Teaching Your Child How to Manage Conflict

1Our educators at the Yew Chung International School of Beijing strive to instill in children core skills and habits of mind, providing students of all ages the skills they need to survive and thrive in young adulthood and beyond. One such skill they need to possess is how to handle conflict, something they will encounter throughout their lives.

Recently, Student Support Services teacher and Head of Pastoral Care Karen Killeen led a workshop for parents of Lower Primary Students on Supporting Your Child in Managing Conflict. The workshop aimed to provide parents with strategies to properly teach their children how to manage conflict and anger in a healthy fashion.

Ms. Killeen shared with us details from the workshop as well as a number of tips for our readers to help them when their own children experience an inevitable meltdown.

Please introduce the workshop that you conducted for parents on supporting your child in managing conflict.2

We focus on teaching families and parents how to properly model acceptable behavior during conflict. We looked at three different relationships: adult to adult, adult to child, and child to child.

The workshop was geared towards parents of children in Lower Primary School as that is a key developmental stage for students when they are becoming more self-aware and being to form their own ideas and opinions. At school, we emphasize that students use their words during a conflict and walking away and telling a teacher or adult if you can’t solve a conflict. This is what we hope parents model at home as well.

What did the workshop seek to accomplish?

We wanted to impart on parents that school and home life are connected, not isolated spheres. We wanted to work with parents so that there’s consistency and continuity between home and school.

What are some of the most common areas of conflict that you address in your role with Student Support Services?

I mainly work during periods of time where there’s downtime for students, such as during recess, lunchtime, a   transitions between lessons. For instance, when there were frequent conflicts between students in Year 3, I was outside during every break time and lunchtime helping to manage and negotiate. That conflict I worked out through modeling how to behave, behavior which was then brought back into the classroom and home. We want to share with our community that we do care about resolving these inevitable conflicts and that we are equipped to do so.

What are some effective methods presented during the workshop that you can share with our readers to help address these areas of conflict?3

First off, keep calm! If your kids have a temper tantrum in the super market, for instance, they expect that after time you’re going to give in. What parents have to do is meet their tantrum with a calm voice; if you start shouting, then they’ll start shouting, and the situation will only escalate. This goes beyond your direct interactions with your child, as modeling correct behavior is important as well. If you’re shouting at your spouse in front of them, they’ll internalize that and copy that behavior. Model the behavior you expect your kids to exhibit.

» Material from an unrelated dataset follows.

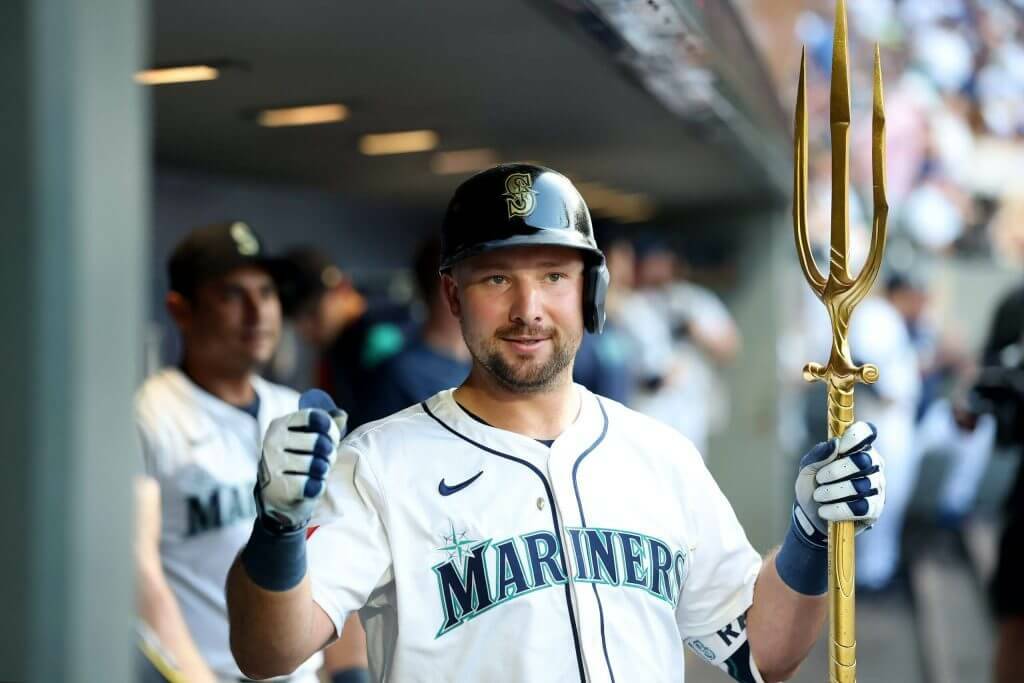 Cal Raleigh (29) of the Seattle Mariners celebrates after his solo home run, his 50th of the regular season, against the San Diego Padres during the first inning at T-Mobile Park on Monday, Aug. 25, 2025, in Seattle. (Steph Chambers / Getty Images / Tribune News Services)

Secondly, delivering the same message consistently is important. State exactly why your child can’t do something. Explain why you’ve made your choice, and then stick to your guns!

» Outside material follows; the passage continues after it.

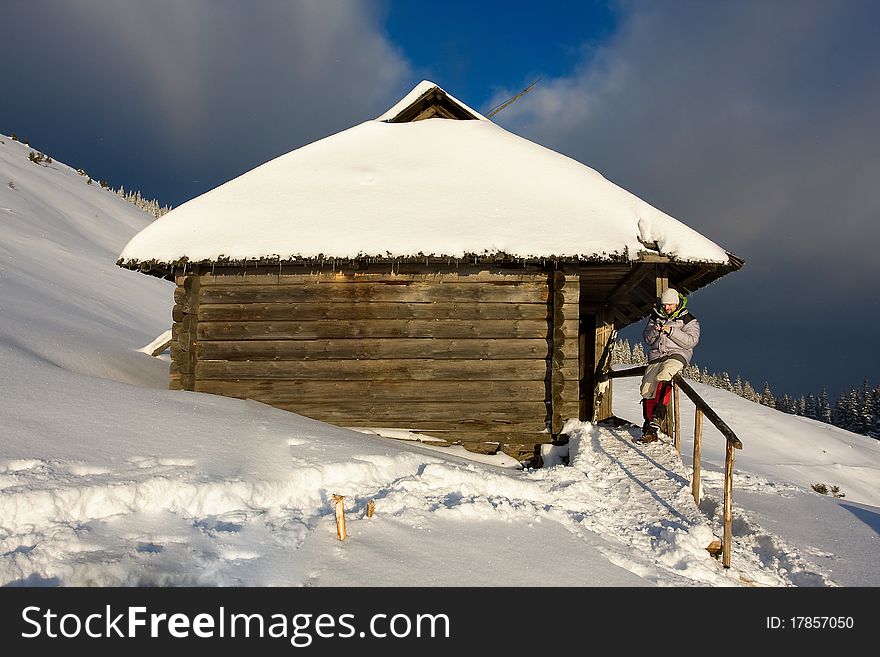 Hiker boy in winter in mountains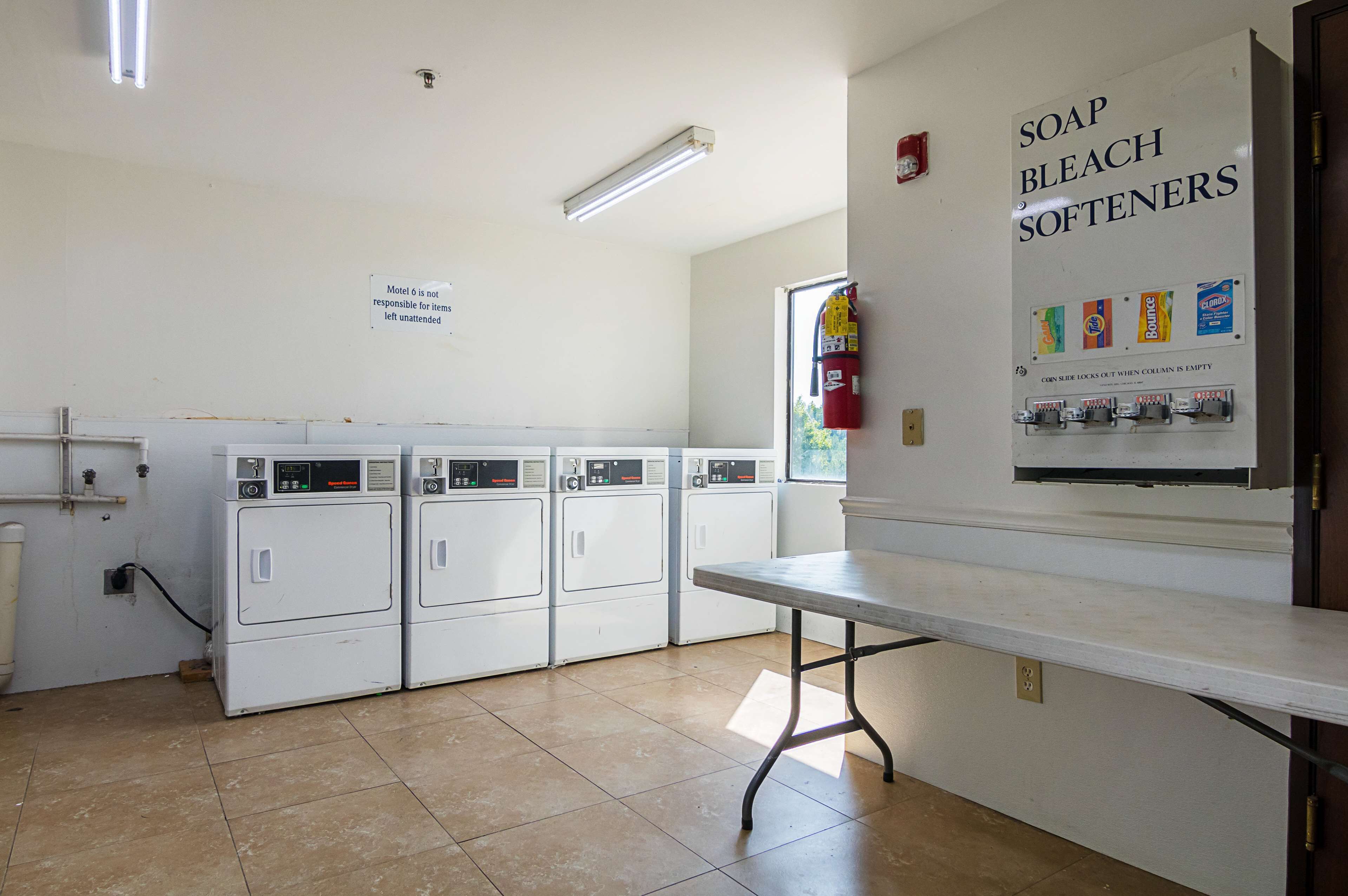 A laundry room with four white washers and dryers, a table, and a wall sign advertising soap, bleach, and softeners.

Third, allow your child to recognize that anger and being upset are natural emotions, but that they need to learn to self-regulate, to calm down so that they can then talk properly. They must learn that it’s impossible to get rid of anger as it’s a part of human nature, but being able to manage it and regulate yourself is essential. Designate a space at home where your child can go to cool off if need be so that they can then approach the conflict with a level head.

Fourth, find time to talk to your kids! Get off your phone, sit around the table, and talk. Ask your child how their day was. Try to tackle issues before they get to the point where they get upset and lash out.

Finally, make sure children are equipped to handle conflict appropriately. Make sure they’re getting enough sleep, eating properly, getting plenty of exercise, and not overloaded with homework.